[xmonad] Issue 179 in xmonad: Tabbed Layout doesn't scale as well
as it could
codesite-noreply at google.com
codesite-noreply at google.com
Fri May 2 05:51:26 EDT 2008
Issue 179: Tabbed Layout doesn't scale as well as it could
http://code.google.com/p/xmonad/issues/detail?id=179
Comment #7 by andrea.rossato:
clem... at endorphin.org:
> Thank you andrea. Your patch practically fixed the problem for me.
There still seems
> to be an issue that makes this non-linear, but at least xmonad
recovers now from the
> shocking event that firefox-session-resume throws 50 windows at it at
once (it takes
> about 5-6 seconds to get back to normal even on my old box).
I don't know if you had the opportunity to do some testing yourself
(maybe you can even suggest some better ways of debugging the
problem), but the test method I suggested in the
non-constructive-and-thus-deleted comment makes me feel you might be
not entirely right when you seem to suggest it is tabbed/decoration
being non liner.
Attached you'll find the result of opening ~150 terminals.

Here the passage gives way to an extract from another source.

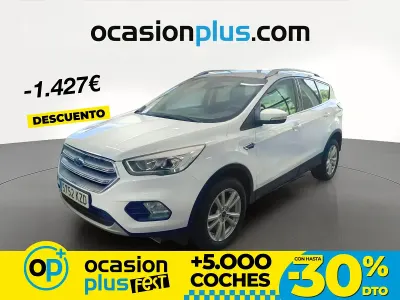 Usado Ford Kuga Trend+ 120 CV (88 kW) 2019 Blanco SUV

Time is
taken after the Simplest layout returned, after Tabbed returned, and
at the end of Operations.windows.
Just a sample:
1. first terminal
Simplest - 43.823897000000
tabbed - 43.832515000000
Operations - 43.845520000000
Simplest - 45.432586000000
...
2. ~80 terminals
Simplest - 15.544721000000
tabbed - 15.722086000000
Operations - 16.799534000000
Simplest - 16.801581000000
...
3. the last terminals (at about ~150):
Simplest - 13.104917000000
tabbed - 13.476366000000
Operations - 15.990074000000
Simplest - 15.992864000000
tabbed - 16.394499000000
Operations - 19.342026000000
Simplest - 26.586562000000
tabbed - 26.968268000000
Operations - 29.499717000000
It seems quite clear, to me, that (tabbed - Simplest) is growing
slower than (Operations - tabbed), which makes me think it may be the
moveResizeWindow and the restackWindows calls that behave
non-linearly.
Now, if there is a substantial difference between 0.6 tabbed and 0.7
tabbed it is the fact that the decoration windows are now returned, by
the decoration modifier, in the (window,rectangle) list. Even though
at that time my mails were marked as spam, I tried to discuss with
other developers about this design decision. Still I believe it is a
necessary one: if you remember, the old tabbed had issues in
interacting with the floating layer. Moreover it was not generalizable
and its decoration system could not be used to support a decorated
floating layout - which needs restackWindows to be called with *all*
visible windows.
I only discussed this problem with the original Tabbed author, David
Roundy, and he agreed with me.
Anyway, the fact is that there is not evidence, so far, that tabbed
and the decoration framework it is based upon is O(n^2) by design, as
Braden stated, using Spencer's authority to support his claim.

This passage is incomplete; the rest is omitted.